Joseph “Jo-Jo” Baltimore. Deon Gay. Melvin Turner Jr. The sight of blood-stained clothes while I held Myron Morgan Jr. as he took his last breath.

Those are just some of the murders in the District neighborhood where I grew up. It was hit hard by the crack cocaine epidemic, which ruined thousands of lives across the District. I still carry the scars of growing up in a community where an African American male is celebrated for living to see his 18th birthday.

Unfortunately, the neighborhoods of my youth are unchanged. In a few short weeks, 2015 has become an unacceptably deadly year for our youth. In January, three young men in the Langston-Carver neighborhood were injured in a shooting. Andrew Newman and Phillip Jones, both juveniles, were murdered. Equally disturbing, another shooting took place at a vigil for Phillip, an Anacostia High School student who had recently been accepted into the Labor Department’s Job Corps.

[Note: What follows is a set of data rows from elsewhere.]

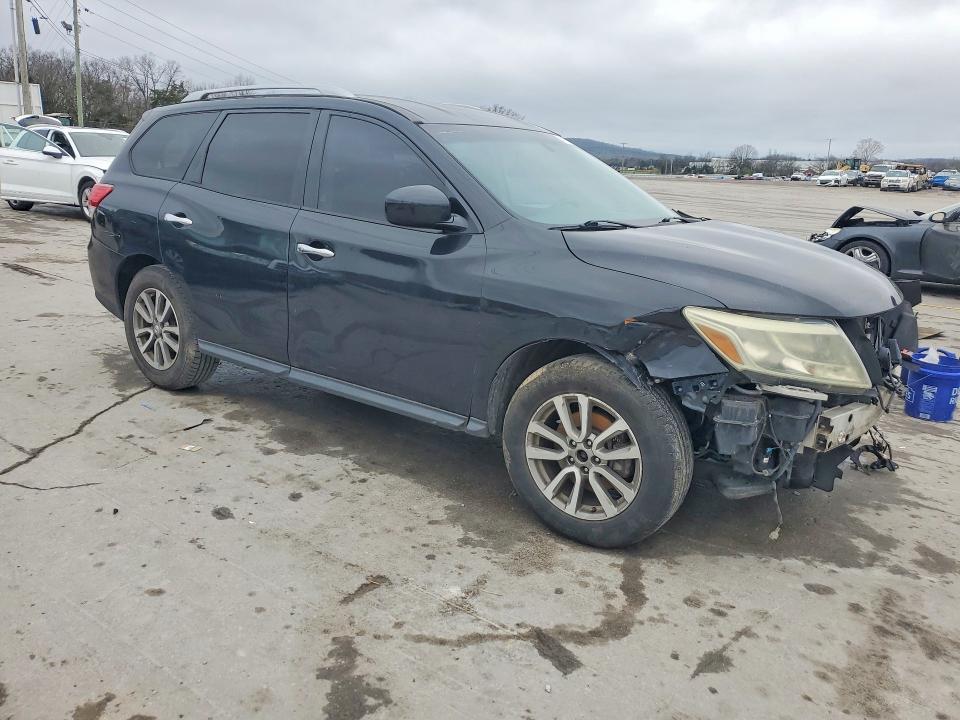 2015 Nissan Pathfinder sv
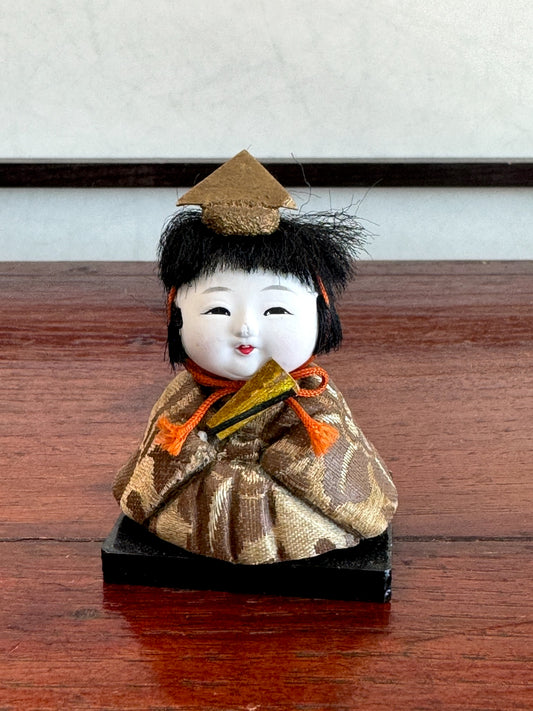 Poupée Japonaise Traditionnelle Kimekomi | Avec Eventail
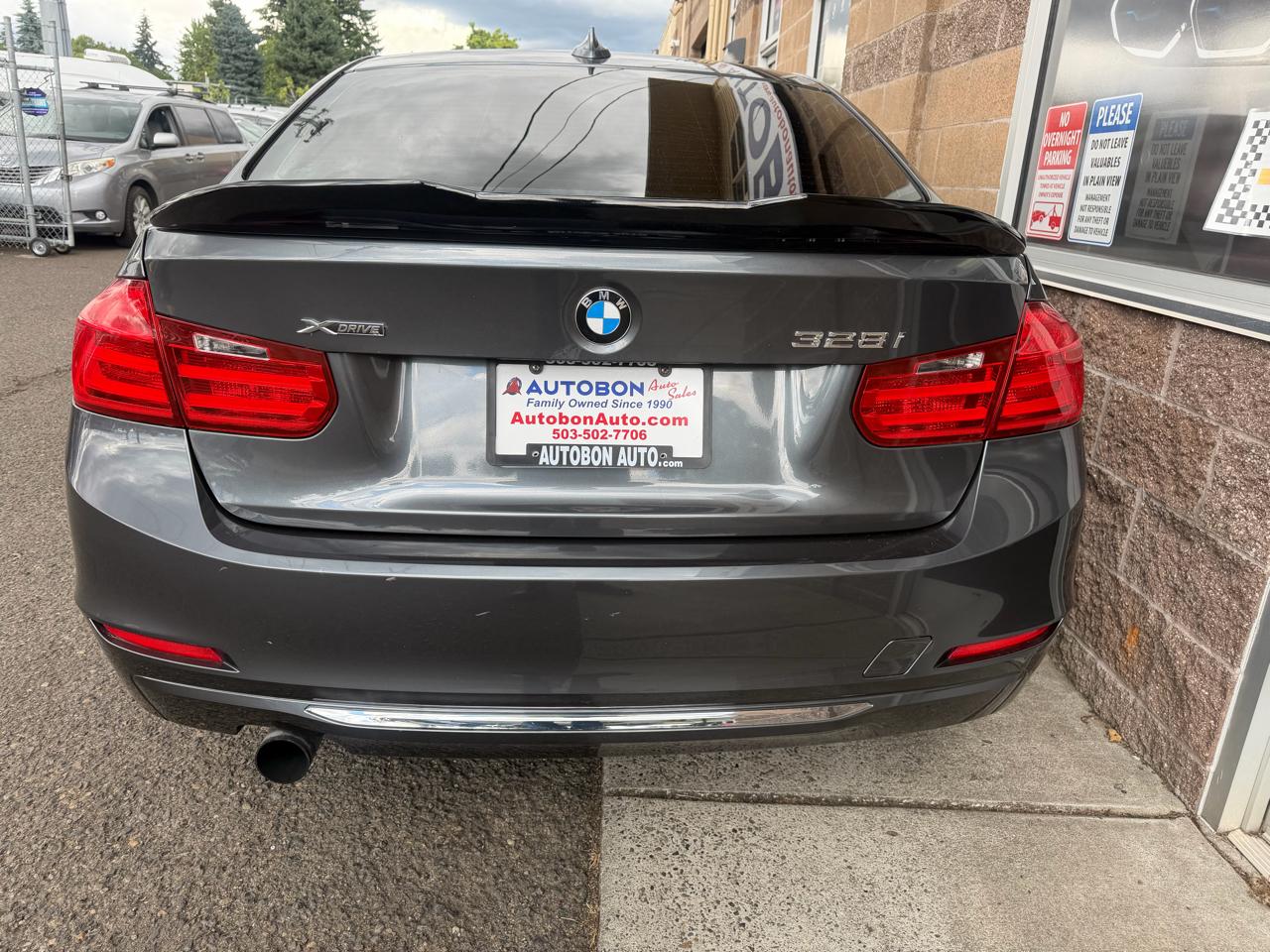 BMW 3 Series 4dr Sdn 328i xDrive AWD SULEV 2013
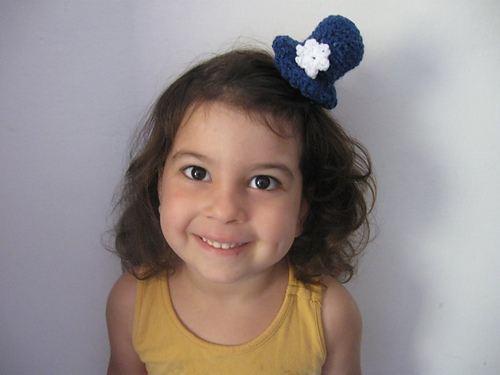 Tiny Hat barrette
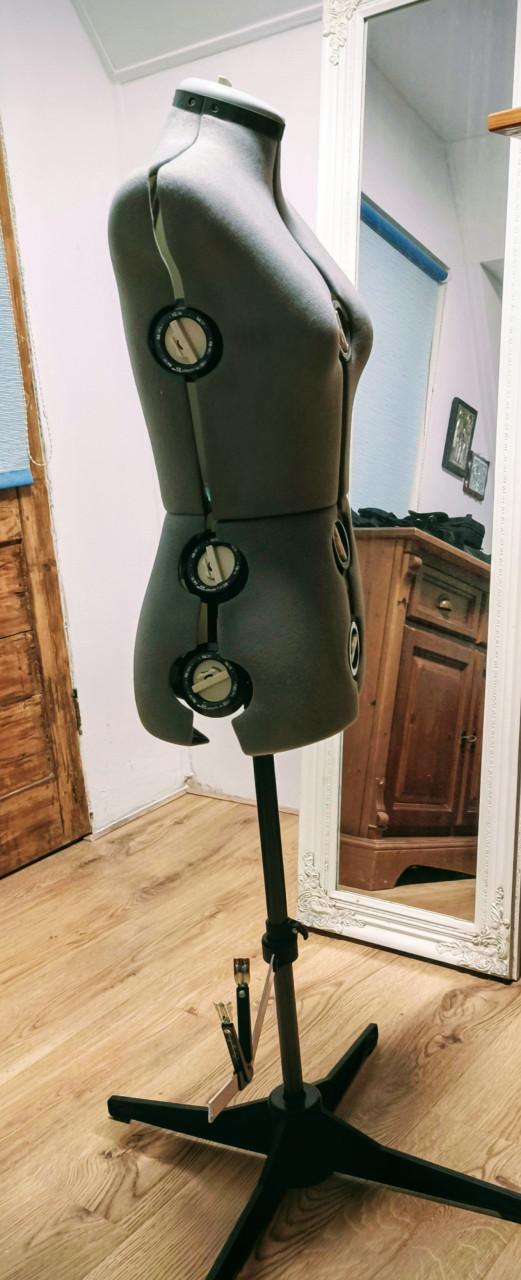 Te koop aangeboden een Paspop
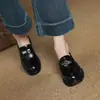 Bons Itens Voltaram! 2026 Mocassins Retrô com Salto Bloco de 3,5cm e Detalhes em Metal para Mulheres, Tamanhos Grandes Disponíveis para Envio Internacional 33-43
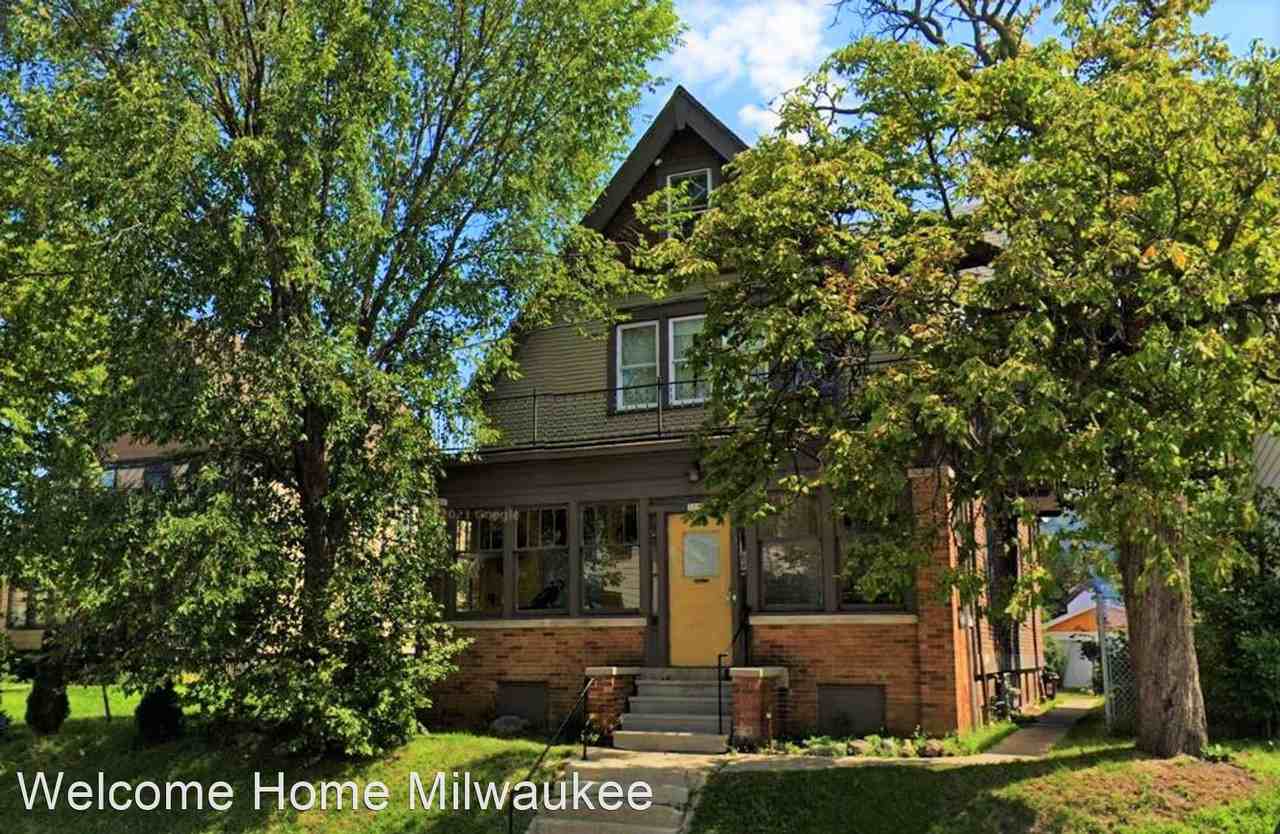 30323032A N Holton Street 3032 N Holton St 3032a, Milwaukee, WI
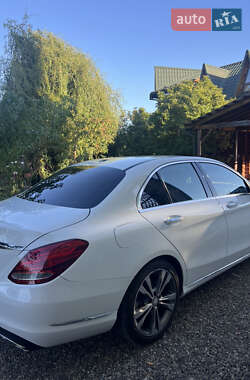 Седан Mercedes-Benz C-Class 2016 в Косове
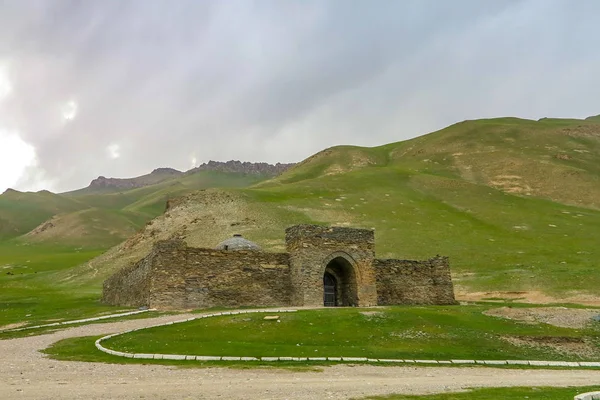 Tash Rabat Kervansaray yerleşim kalıntıları antik tüccarlar için gezginler ve karavanlar manzara ile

I am outraged, and I hope you are too.

Much like life in the Stronghold neighborhood where I grew up, the indifference shown by some of our youth today toward their own lives and the lives of others is corrosive. A report by the National Institute of Justice confirms that the result of the indifference can beget more crime, finding that youth exposed to gun violence are more likely to engage in violent crime. Moreover, the long-term consequences of juveniles participating in violent crime are borne out in another report by the National Institute of Justice’s Office of Juvenile Justice and Delinquency Prevention, which indicated that “30-60 percent of juvenile delinquents known to the police or juvenile courts persisted as adult offenders.”

Many individuals and organizations are working to reduce youth violence. However, we must confront one of our greatest challenges: apathy. Everyone in the District should be livid when a minor is murdered, regardless of our socioeconomic status or how far we live from the tragedy. The indifference of adults to the plight of our youth only perpetuates the culture of violence. Our children recognize when we do not care, and though they may not trace back their decisions to our complacency, their decisions and ability for empathy are compromised by it. We must resist the urge to dissociate ourselves from the news reports and from thinking that a young life taken from us is the inevitable consequence of life in the District.

I will not stand by and accept the status quo. As chair of the D.C. Council’s Committee on the Judiciary, I am reaching out to government agencies, community leaders and residents to convene a hearing to discuss solutions that address the root causes of the problem. I am also developing initiatives that will amplify our outrage and stop the youth violence.

I do not have all the solutions, but I am committed to working tirelessly to change the culture of violence in our city. The problem requires more than a law enforcement response. Many of the initiatives will require residents from all walks of life to buy in to the simple idea that any murder is unacceptable. Our educators, community leaders, service providers and business owners must participate in changing the odds for our children.

We can do better. Everyone should demand it.

The writer, a Democrat, represents Ward 5 on the D.C. Council.